There are already five biographies on Patil, three in Kannada and two in English, but this is the judge’s inspirational life story in his own words, as the poet laureate of Karnataka, the great Kuvempu, had said: “I shall unroll before you, O preceptor, my inner spirit, hiding nothing.”
At 84, Justice Patil has many glorious chapters in the book of life to leaf through and tell the world about. He was appointed as a justice of the Supreme Court of India in 2000 and since his retirement in 2005, has served as the acting chairperson of the Human Rights Commission of India, and as Lokayukta of the Karnataka government.
The many cases he fought as a lawyer and judgements he delivered as a judge of the Karnataka High Court and the Chief Justice of the Rajasthan High Court would make for essential reading not just for those in the legal profession but the regular reader with an interest in the country’s legal system. But what makes the biography stand apart is the story of plain, old hard work trumping life’s adversities and clear conscience and a solid set of morals as the guiding principles.
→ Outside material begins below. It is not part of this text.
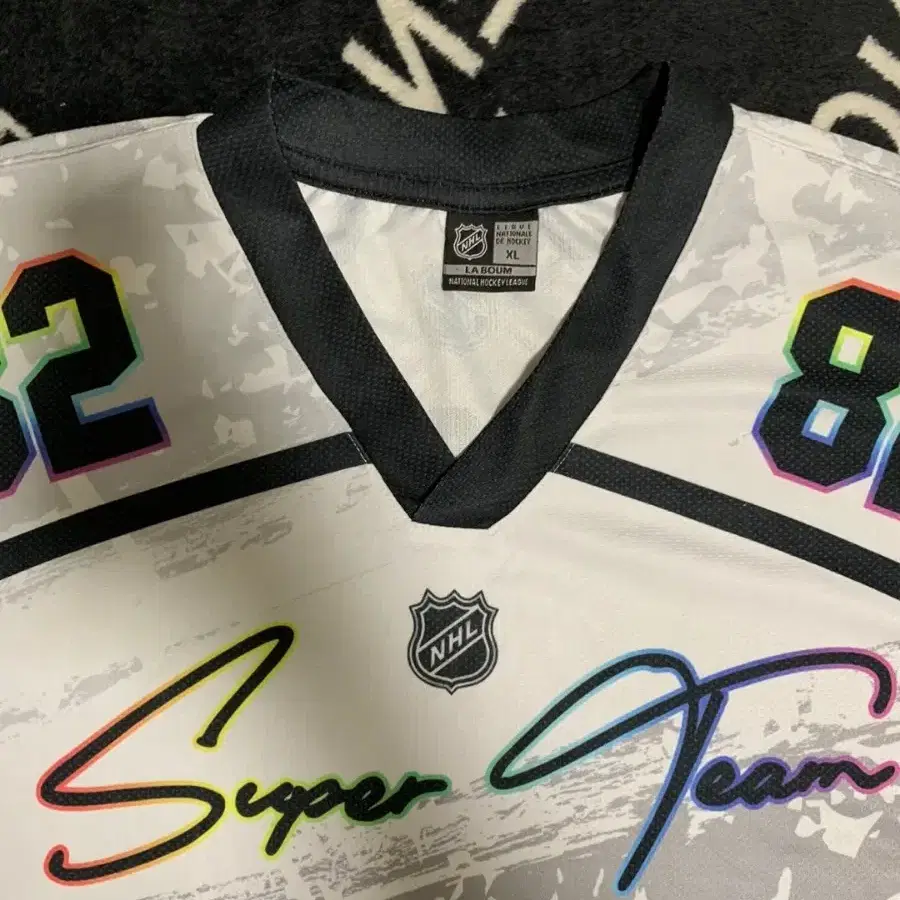 XL)NHL Super sason 82번 럭비져지 하키져지 유니폼 저지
Justice Patil was not born to privilege, in fact, far from it, in a farmer family in a dusty village in Karnataka, studying by the light of a lantern in the village. “Poverty is not an abstract concept for me; I have experienced its hardships during my formative years.
I hail from a humble village in one of the most backward regions of India. I am the son of a farmer whose life was subject to the vagaries of nature. Drought was an ever present threat in the arid land of my birth,” writes Justice Patil. He had to once travel 32 kms through the night in a bullock cart to attend school on a Monday morning.
When he was in the 7th or 8th grade, he had just one shirt which he would was every day after school so that he could wear it in the next morning to school again.
The hardships did not leave him even during his college days when he struggled to pay for college and hostel and went hungry for many days. Yet he persevered and excelled in every examination to become a lecturer and the honorary principal of the same college he had attended as a student.
For most, that would have been the end of a remarkable career, but not for Justice Patil who went on to become a lawyer “without a shiny degree from Oxford or other foreign universities”. “All I possessed was an unwavering determination to succeed,” Justice Patil writes in his autobiography. It is this determination that would see him through in his illustrious career.
The other quality that would guide him through life is one he inherited from his mother, who died when he was only two. It is the quality of kindness and inclusivity, irrespective of caste, creed or social standing, that motivated Justice Patil to uphold humanitarian values in high offices.
“While I feel a deep ache when I heard stories about my mother, her principles inspired me to adopt them in my own life. Mother was unschooled but revered; she was a saintly woman like Hemareddy Mallamma, a guide and philosopher of the Veerashaiva Reddy community in Karnataka, who lived in the 14th century,” writes Justice Patil.